Pages

Saturday, March 11, 2023

Barbara McKenzie: The Govt’s Backdoor Attempt to Lower the Voting Age


Changing the electoral act to allow 16 and 17-year-olds to vote is the policy of both the Labour and Green parties. They could follow the normal procedure for changes to electoral rights, with a referendum followed by a vote in parliament. The problem for the government parties is that there is widespread public opposition, so a referendum is unlikely to succeed and even if it did, a constitutional change requires 75% support in parliament – with National and Act in opposition it would never get through.

Instead, it appears that a more convoluted route to lowering the voting age is being followed through courts and legislation, which may enable the government to bypass both a referendum and the requirement of 75% support in parliament.

The government is relying on a claim of an inconsistency between the Bill of Rights and the provisions of the Electoral Acts, when in fact the inconsistency is within the Bill of Rights itself, while the clear intention of the Bill is to affirm 18 years as the minimum voting age.

The Supreme Court Judgement

In November 2022 the NZ Supreme Court upheld the appeal of the lobby group Make It 16 and passed down the following Judgement.

‘A declaration is made that the provisions of the Electoral Act 1993 and of the Local Electoral Act 2001 which provide for a minimum voting age of 18 years are inconsistent with the right in s 19 of the New Zealand Bill of Rights Act 1990 to be free from discrimination on the basis of age; these inconsistencies have not been justified in terms of s 5 of the New Zealand Bill of Rights Act.
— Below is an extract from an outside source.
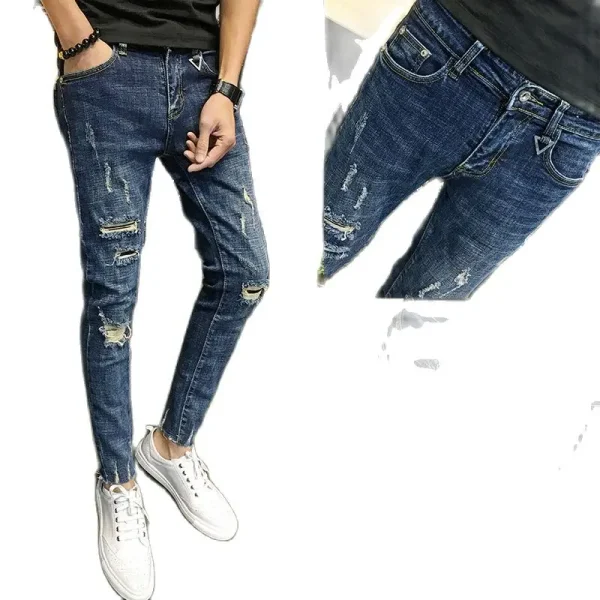 Wholesale 2022 Fashion Denim Pants Men's Boys Small Feet Ripped Holes Cropped Jeans Thin Men's Social Men Beggar Pencil Pants - Image 2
S 12 of the Bill of Rights Act specifically provides for protection of the voting rights in general elections for ‘Every New Zealand citizen who is of or over the age of 18 years’.

The inconsistency lies in the Bill of Rights itself which on the one hand prohibits discrimination on the basis of age from 16 years (ss 19 and 21(1)(i)) but on the other affirms the voting rights in general elections for those aged at least 18 years (s 12). The Judgement proper does not refer to this provision, though its mention by Judge Kós is referred to in the explanation. Judge John Kós, in dissent (Judgement, 74):

‘[…] I do not consider the provisions of the Electoral Act 1993, setting a minimum voting age of 18 years in parliamentary elections, are inconsistent with the New Zealand Bill of Rights Act 1990 (the Bill of Rights). Rather, I consider the explicit right to vote in parliamentary elections at 18 years, affirmed by s 12 of the Bill of Rights (and prescribed in the Electoral Act), prevails over the generalised right to freedom from discrimination affirmed by s 19 […].’

There are clearly two ways to resolve this inconsistency: one is to amend s 12 to specify a right to vote at age 16 rather than 18; the other is to amend s 19 and s 21(1)(i) and keep the voting age at 18. While the Judgement proper does not refer to a specific age, the explanation and press release make it clear that its intention is to pave the way for lowering the voting age to 16, and acknowledges no other option.

The Judgement overturned the ruling of the High Court (and before that the Court of Appeal), and is contrary to the opinion of Attorney General David Parker, who argued that the issue was ‘out of the Court’s purview.’ Parker’s view as quoted [27] was:

‘First, the argument is that through the entrenched provisions Parliament has set out the process for changing the law in this area. That, as we have seen, requires broad support for change either through a super majority in Parliament or with a referendum of eligible voters. This democratic process should be followed first. Second, […] Parliament has not yet considered lowering the voting age and it should be able to consider the issues before the Court releases a decision that potentially skews public and political debate on the matter. In other words, the Court should not pre-emptively enter the debate when the matter is one to be determined not only by Parliament but also the electorate in general.’

A Declaration of Inconsistency: Voting age in the Electoral Act 1993 and the Local Electoral Act 2001

Public submissions are now being called for A Declaration of Inconsistency: Voting age in the Electoral Act 1993 and the Local Electoral Act 2001. The associated parliamentary press release claims that the inconsistency is between the Bill of Rights and the two electoral acts: it does not admit that the discrepancy is within the Bill of Rights. It baldly quotes the Judgement of the Supreme Court without advancing a solution in the form of lowering the voting age to 16, but nor does it suggest the more obvious option of clarifying the intent of the Bill of Rights, support for a minimum voting age of 18.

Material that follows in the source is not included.